Bone density testing is used to diagnose Osteoporosis. It is also called Bone Densitometry or Dual-Energy X-ray Absorptiometry (DXA).
What is bone density testing?
Bone density scanning is a special form of X-ray which is used to measure bone loss. It can be used to diagnose Osteoporosis, but also to measure the effectiveness of subsequent treatments in delaying the progression of the disease.
Bone density tests are usually carried out on the lower spine, pelvis or thigh bones. It is recommended that women over the age of 50 (who are not taking Oestrogen) go for a bone density scan. This is especially important if you have a family history of Osteoporosis. Other medical conditions or medications may also increase your risk:
- Diabetes (especially type 1 - juvenile / insulin dependant diabetes)
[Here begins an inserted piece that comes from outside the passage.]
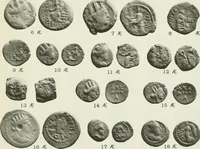 An illustration from Catalogue of the Greek coins of Arabia, Mesopotamia and Persia (Nabataea, Arabia Provincia, S. Arabia, Mesopotamia, Babylonia, Assyria, Persia, Alexandrine empire of the East, Persis, Elymais, Characene / by George Francis Hill ... With a map and fifty-five plates (1922)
- Liver or kidney disease.
- Thyroid conditions.
- Prolonged use of Corticosteroids.
- Anti-seizure medication.
How does bone density testing work?
The DXA machine transmits an invisible low-dose X-ray beam with two clear energy peaks through the bones being tested. One of the peaks is absorbed by soft tissues whilst the other is absorbed by bone.
The amount absorbed by soft tissue can be subtracted from the total, with the remainder being the patient's bone mineral density. The measurements are computed and displayed on a monitor.
DXA machines can either be large stationary objects in a hospital, or can be small, portable boxes. Those in a hospital consist of a couch with a moveable arm which scans the body area. The portable versions are used for smaller body parts which can be placed inside the device.
The results are interpreted by a radiologist who will usually send a report to your Doctor.
The readings are given 2 scores, a T score and a Z score. The T score compares your readings to that of someone of the same sex with optimal bone density. If your score is -1 or less then this is considered normal. Scores between -1 & -2.5 are classed as Ostopenia (low bone mass). A diagnosis of Osteoporosis is given if the results are greater than -2.5.
The Z score compares your results to those of a person of the same sex and age who has normal bone density. A very high or low score may require further investigation.